When steroids and steroid-sparing agents are started concomitantly, it can be challenging to distinguish the impact of each drug. In this case, systemic steroids played a major role, particularly initially, in controlling inflammation. It is possible that ulcer healing may have been caused by prednisone alone. It is also possible that infliximab prevented formation of a new ulcer at the cesarean incision site or relapse of the original ulcer, as prednisone dosage had been tapered at the time of delivery.

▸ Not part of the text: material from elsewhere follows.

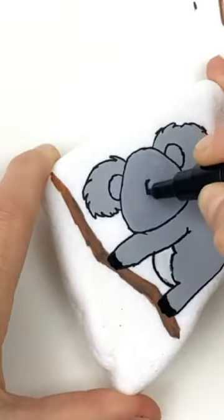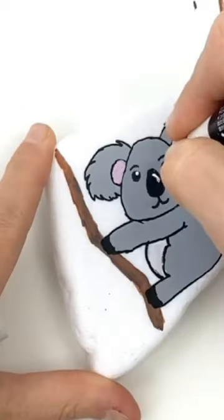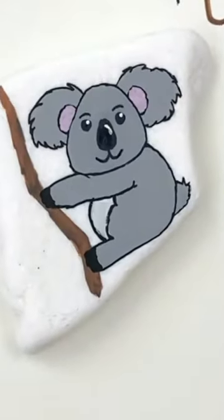Color his paws black. His nose shape is pretty important, so make sure you check that out. Little highlights in the eyes and nose are perfect.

TNF-α inhibitors have been used successfully to treat PG in nonpregnant patients and, unlike many systemic treatments, are category B (US Food and Drug Administration classification) for pregnancy. Infliximab is a chimeric IgG1 monoclonal antibody that binds both soluble and membrane-bound TNF-α and induces apoptosis of TNF-expressing cells. It is currently approved for the treatment of rheumatoid arthritis, psoriasis, psoriatic arthritis, ankylosing spondylitis, Crohn's disease, and ulcerative colitis. Although the exact mechanisms of inflammation in PG are not clear, abnormal production of cytokines, including TNF-α, a powerful proinflammatory cytokine, have been implicated.

Of the TNF-α inhibitors, infliximab has the most data supporting its use in the treatment of PG (including a randomized controlled trial) and has been considered first-line treatment for PG associated with inflammatory bowel disease, with an 80% favorable response rate in corticosteroid-resistant PG.1, 6 Use of anti–TNF-α biologics is associated with a slightly increased risk of serious infections and malignancies, although the most common adverse effects are infusion reactions and upper respiratory infections. Our patient did not report any adverse effects.

Some researchers hesitate to consider the use of infliximab after 30 weeks of gestation, as infliximab crosses the placenta in the late second and third trimesters and is detectable in infant's serum for several months after birth. However, based on data from more than 300 pregnancy outcomes, infants born with detectable levels of infliximab do not appear to have an increased risk of infection in the first year of life and have no reported risk of long-term immunologic compromise. The infants show normal responses to nonlive vaccines; however, vaccination with live viruses should be avoided for at least 6 months.

PG in pregnancy is a rare condition without consensus treatment guidelines. Infliximab was found to be an effective treatment for PG in this pregnant patient with comorbid ulcerative colitis. Further investigation is needed to compare the outcomes of infliximab and alternate steroid-sparing systemic agents for the treatment of PG in pregnancy.